Details
Walter de Milemete

| Biography | |
|---|---|
| Nationality | English |
| Era | Early 14th century |
| Legacy | |
| Known For | Creating the earliest known European depiction of a firearm in his 1326 treatise De nobilitatibus, sapientiis, et prudentiis regum |
| Key Innovation | Documented the pot-de-fer cannon in manuscript illustration, providing the earliest visual record of a European firearm |
| Major Work | De nobilitatibus, sapientiis, et prudentiis regum (1326-1327), commissioned by Queen Isabella of France for the young Prince Edward, later King Edward III |
Walter de Milemete: The Clerk Who Drew the Gun That Changed Everything
Firearms encyclopedia article
From The Boise Gun Club Handbook
Overviewedit
Walter de Milemete was an English scholar working in the early 14th century whose name would be entirely forgotten by history — except for one illustration.

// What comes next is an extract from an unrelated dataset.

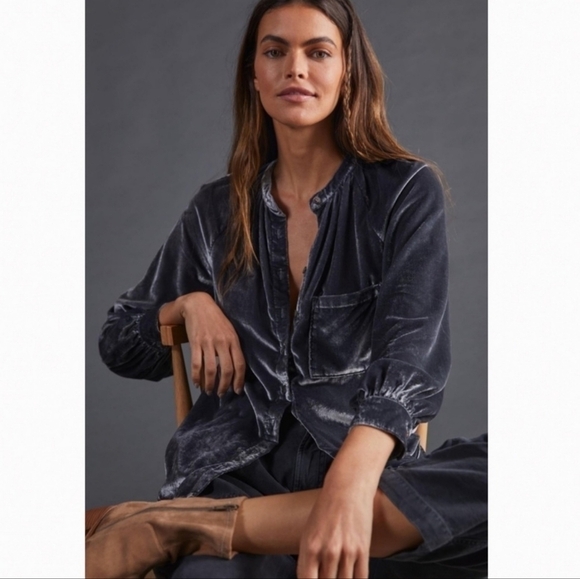 Anthropologie PILCRO Velvet Top Blouse Silver Gray XS - Picture 11 of 13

His 1326 treatise De nobilitatibus, sapientiis, et prudentiis regum ("On the Nobility, Wisdom, and Prudence of Kings") contains what is almost certainly the earliest known depiction of a European firearm.
A single marginal drawing on folio 70v shows a soldier touching off a vase-shaped cannon aimed at a castle wall, an arrow-shaped projectile already projecting from the barrel. That image sits at the starting line of a 700-year story that ends with every firearm on the planet.
The Manuscript
| Manuscript Details | Information |
|---|---|
| Title | De nobilitatibus, sapientiis, et prudentiis regum |
| Translation | "On the Nobility, Wisdom, and Prudence of Kings" |
| Date | 1326-1327 |
| Location | Christ Church, Oxford |
| Catalog | Christ Church MS 92 |
| Binding | Red velvet |
| Significance | Contains earliest known European firearm depiction |
The manuscript itself is held at Christ Church, Oxford, catalogued as Christ Church MS 92, bound in red velvet. It is, by any measure, a remarkable object — one of the most elaborately illuminated manuscripts of its era, packed with heraldry, hybrid creatures, tournament scenes, and hunting imagery. The cannon drawing is easy to miss in all that visual noise. Historians have not missed it.
Early Life & Backgroundedit
The sources are silent on Walter de Milemete's birth date, birthplace, and early biography. What is known is that he was in his early twenties when Queen Isabella of France commissioned him to write a treatise on kingship for her son, the young prince Edward — who would become King Edward III of England. The manuscript was completed at the end of 1326 and into the first months of what we now call 1327, according to the archive record of the treatise.
The commission itself tells you something about Milemete's standing. You did not get tapped by a queen to write an instructional text for a future king if you were nobody. He was educated, connected to the royal court, and operating in a world where manuscript production was a serious and expensive undertaking. Beyond that, the sources simply do not say.
Key Contributionsedit

Milemete's contribution to firearms history is indirect — he did not invent the cannon, and nothing in the sources suggests he had any technical knowledge of gunpowder weapons. What he did was document one, in ink, at the right moment.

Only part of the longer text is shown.